「前進できん駒はないぜよ。」(中原誠)
十六世名人、永世十段、永世王位、名誉王座、永世棋聖っちゅう5つの称号を保持し、2009年3月に引退した将棋棋士、中原誠(1947〜)さんの言の葉ながやき。
将棋の駒にゃあ、いろんな進み方の個性があるけんど、確かに前進できん駒らあひとつもないがよ。
つまり、「前進できん駒はない」っちゅう言の葉にゃあ、駒やち人間やちみんなあ進み方に個性はあるけんど、前進できん人間らあて1人もおらんぜよっちゅう意味が込められちゅうがやないろうか。

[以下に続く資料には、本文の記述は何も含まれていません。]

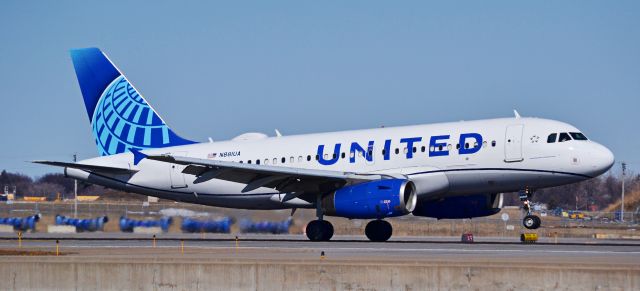 Airbus A319 (N881UA) - This United A319 is landing on 12R at MSP airport, this A319 was formerly owned by China Southern Airlines until 2020. 
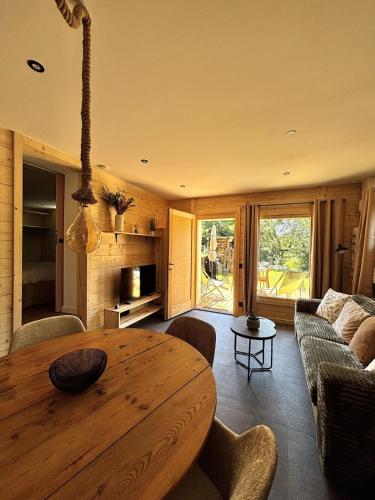 Chalet with garden terrace and mountainn view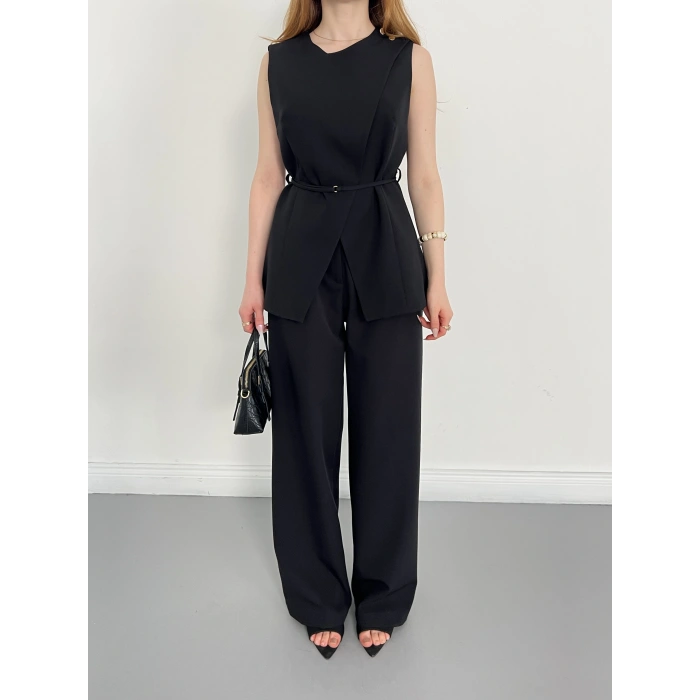 Bel Kemerli Asimetrik Kesim Yelekli Takım Siyah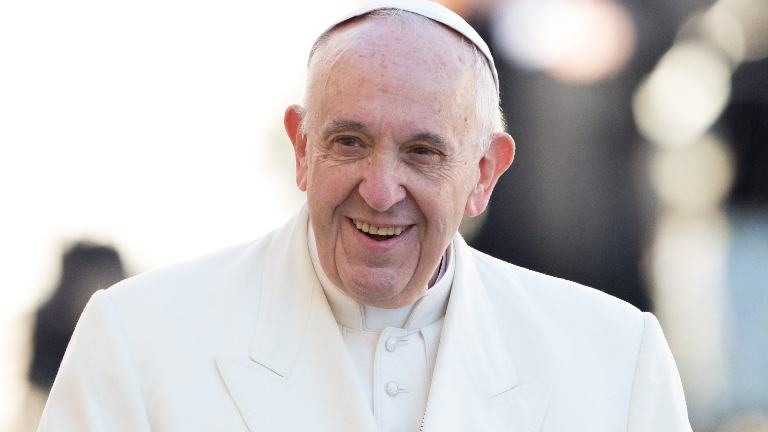 Papa acolhe com alegria tradução da Fratelli tutti para a língua russa Papa acolhe com alegria tradução da Fratelli tutti para a língua russa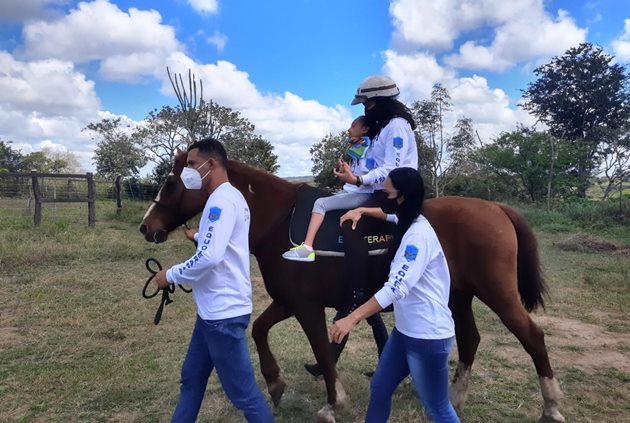  Cavalaria da PM leva equoterapia para crianças especiais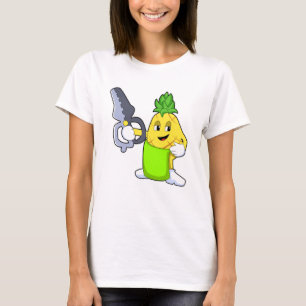 Ananas som Hairdresser med saxar och Razor T Shirt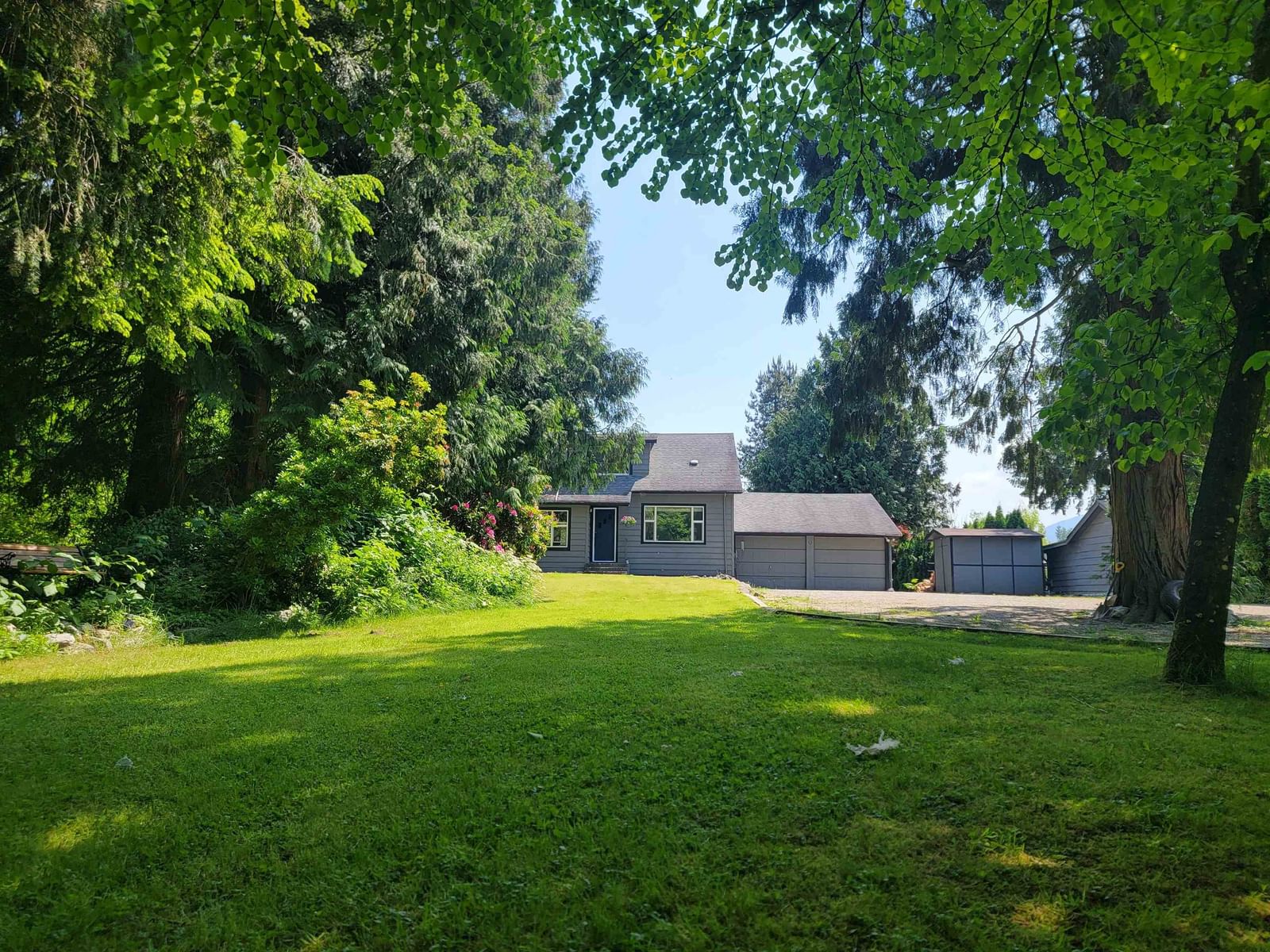 Listing Image 12
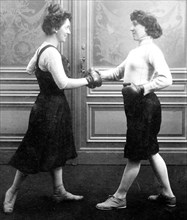 Photo shows Fraulein Kussin and Mrs. Edwards who had a boxing match on March 7, 1912.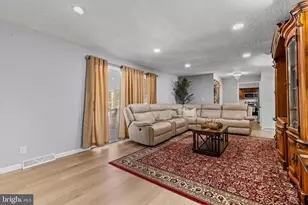 4009 Robinhood Dr, York, PA 17408 - Photo 11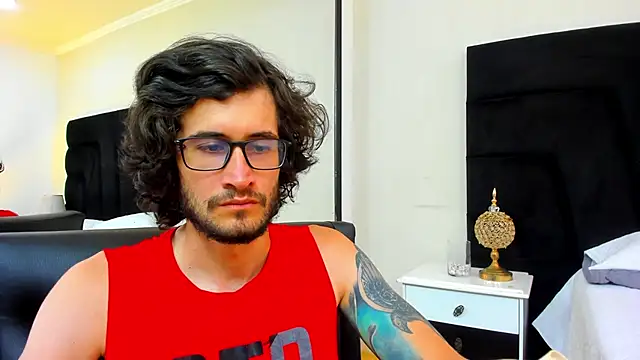 Loggan donnelly online show from March 1, 8:21 pm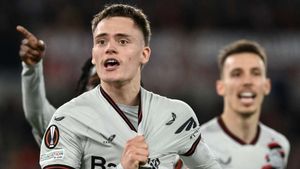 Wirtz will stay at Leverkusen amid transfer interest, Rolfes insists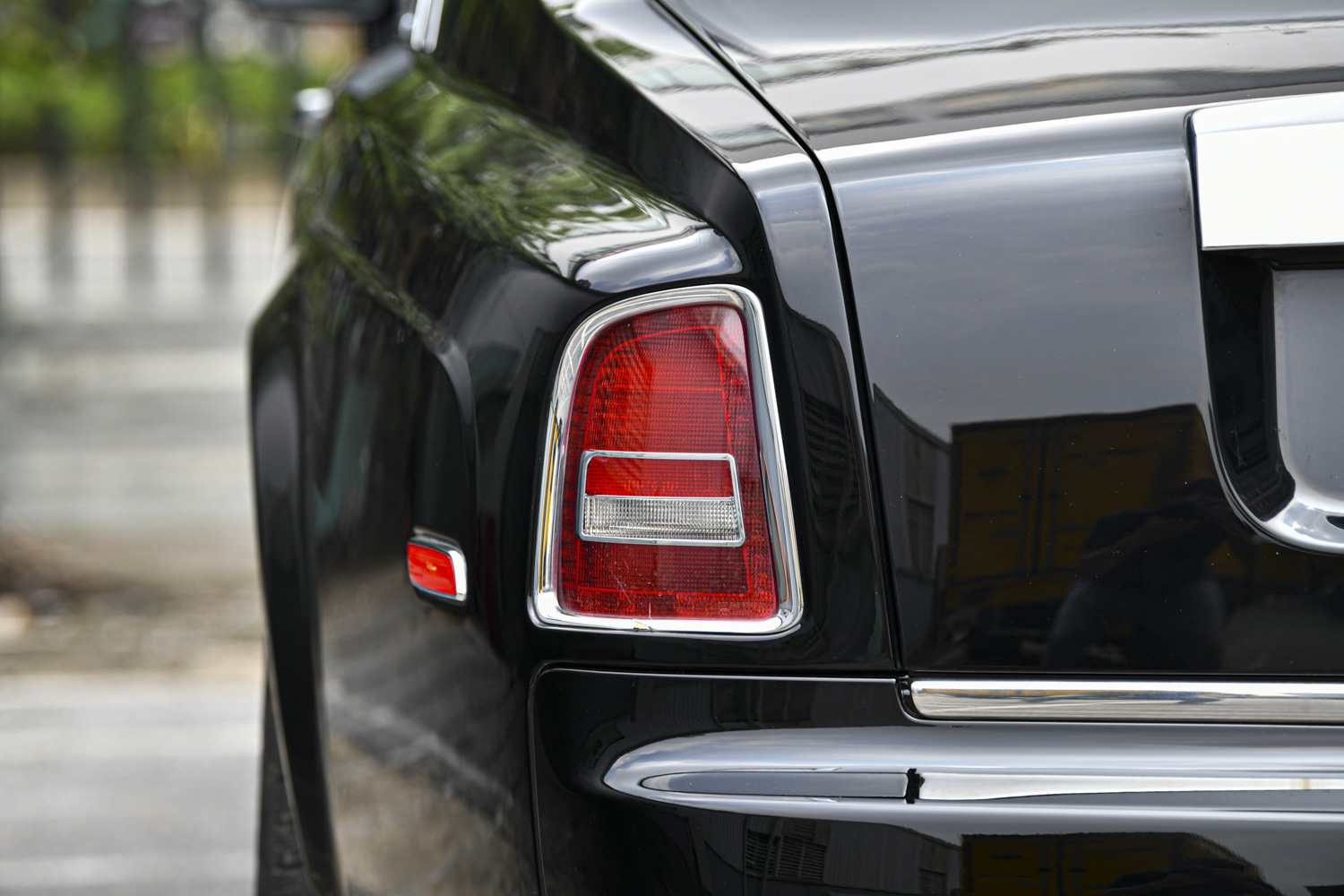 Rolls Royce Phantom EWB SeriaVII full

「飛車」みたいに縦横無尽に進めるもん、「角」みたいに斜めにひとっ飛びできるもん、「桂馬」みたいにトリッキーな進み方ができるもんもおりゃあ、「歩」みたいに一歩ずつ前に進むことしかできんもんもおるっちゅうことながやき。
そりゃあ、どれが偉いとかっちゅうことやのうて、それぞれの個性やっちゅうことながよ。
自分の進み方の個性を知り、一歩ずつやち前進しよったら、「歩」やち「金」になることもできるし、さらに勝負の決め手となる一手にやちなれるっちゅうことながぜよ。